(Items listed in a dataset)
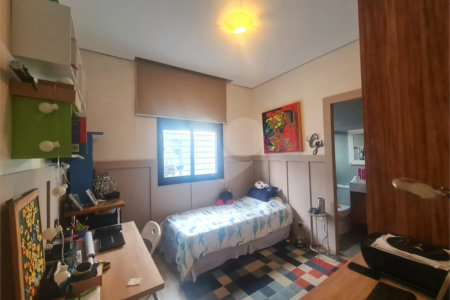 Casa térrea com 3 quartos à venda em Interlagos - SP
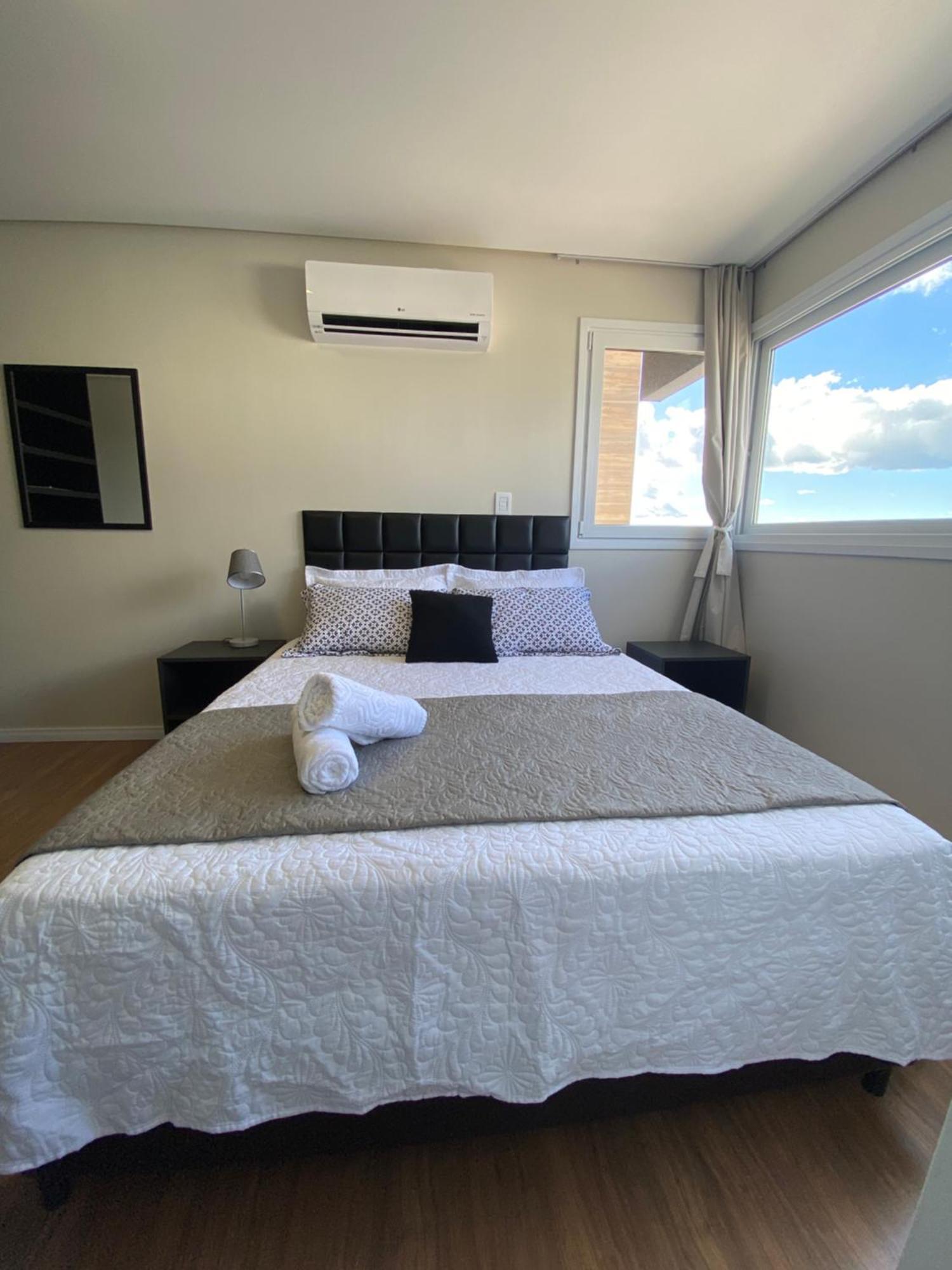 Dallas Apartamentos Na Via Gastronomica-Estacionamento-Amplos E Equipados-Wifi Bento Goncalves Ngoại thất bức ảnh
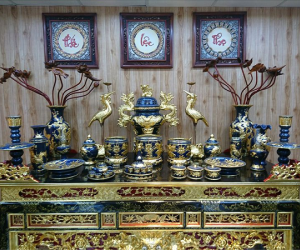 Nên thờ cúng bát hương bằng sứ hay bằng đồng tốt hơn?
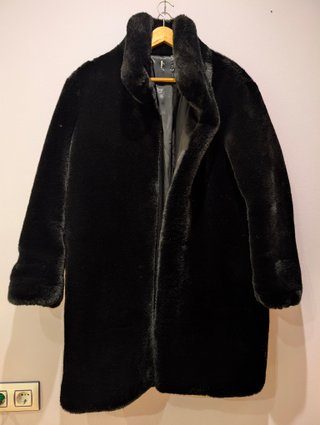 Elegante abrigo negro pelo sintético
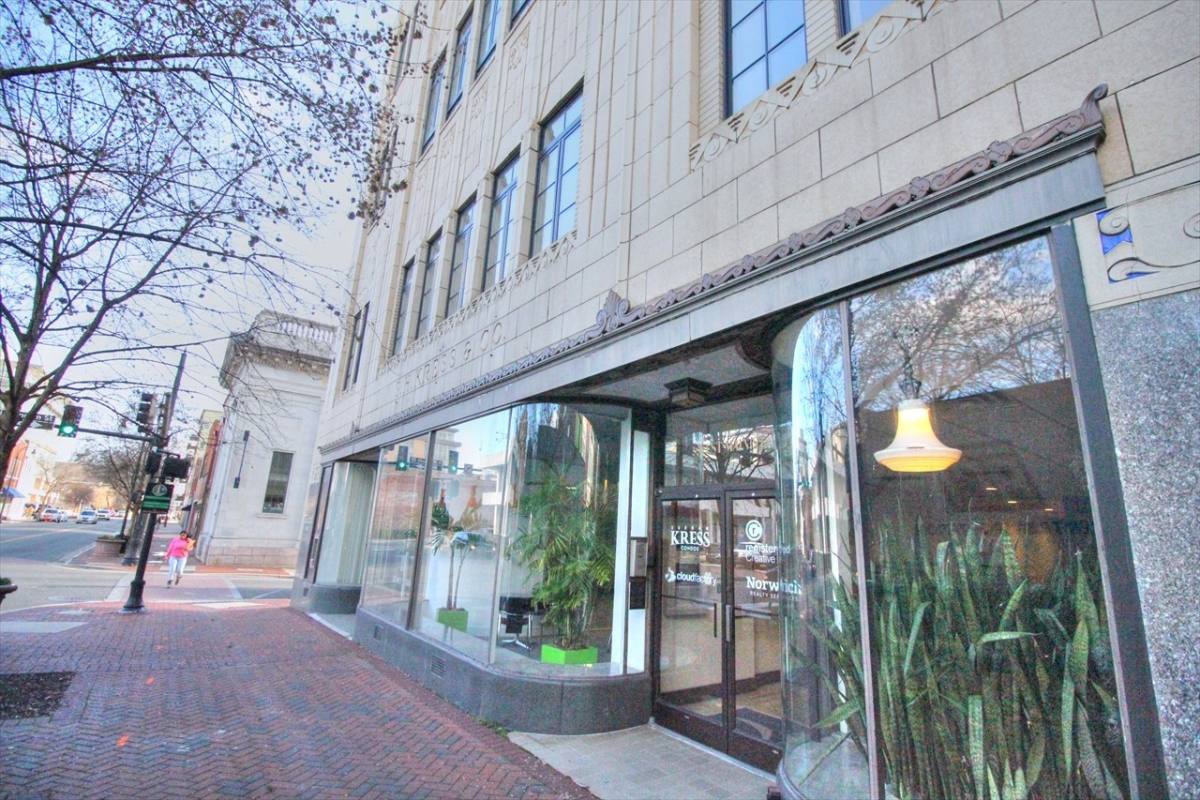 Condo for rent at 103 W Main St #406, Durham, NC 27701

• Exercise goal
The expected output is the exact run of lines from the one containing "Elegante abrigo negro pelo sintético" through the final line of the data above, both ends included, with no pictures.

• Result
 Elegante abrigo negro pelo sintético
 Condo for rent at 103 W Main St #406, Durham, NC 27701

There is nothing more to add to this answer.